--- YOUR INSTRUCTIONS ---
Pictures left aside, return the lines below exactly, from the one with "X-Press It Runner" to the end, including both ends.

--- Short web captions ---
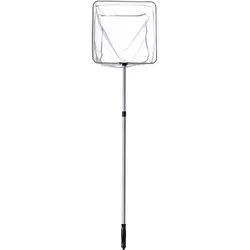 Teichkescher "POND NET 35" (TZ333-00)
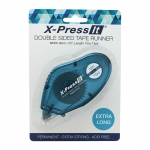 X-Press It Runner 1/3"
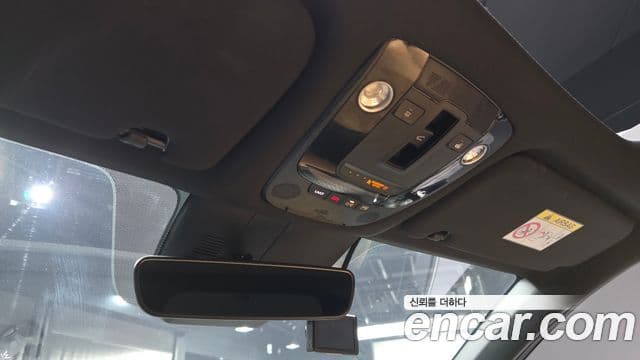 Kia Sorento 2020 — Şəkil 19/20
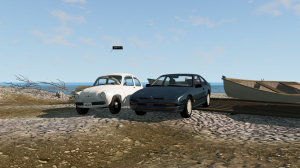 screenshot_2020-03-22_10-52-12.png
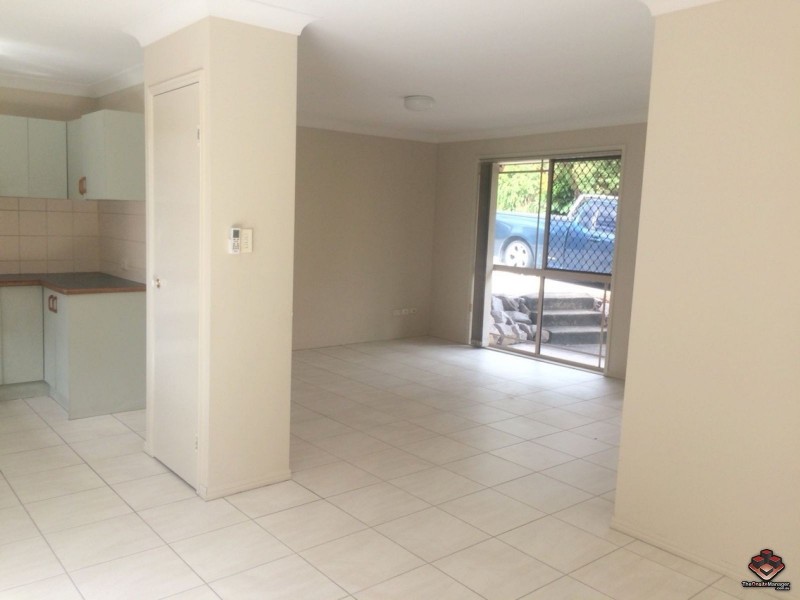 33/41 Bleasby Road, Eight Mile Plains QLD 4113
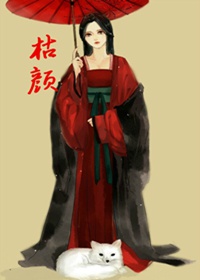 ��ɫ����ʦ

--- ANSWER TO THIS EXERCISE ---
 X-Press It Runner 1/3"
 Kia Sorento 2020 — Şəkil 19/20
 screenshot_2020-03-22_10-52-12.png
 33/41 Bleasby Road, Eight Mile Plains QLD 4113
 ��ɫ����ʦ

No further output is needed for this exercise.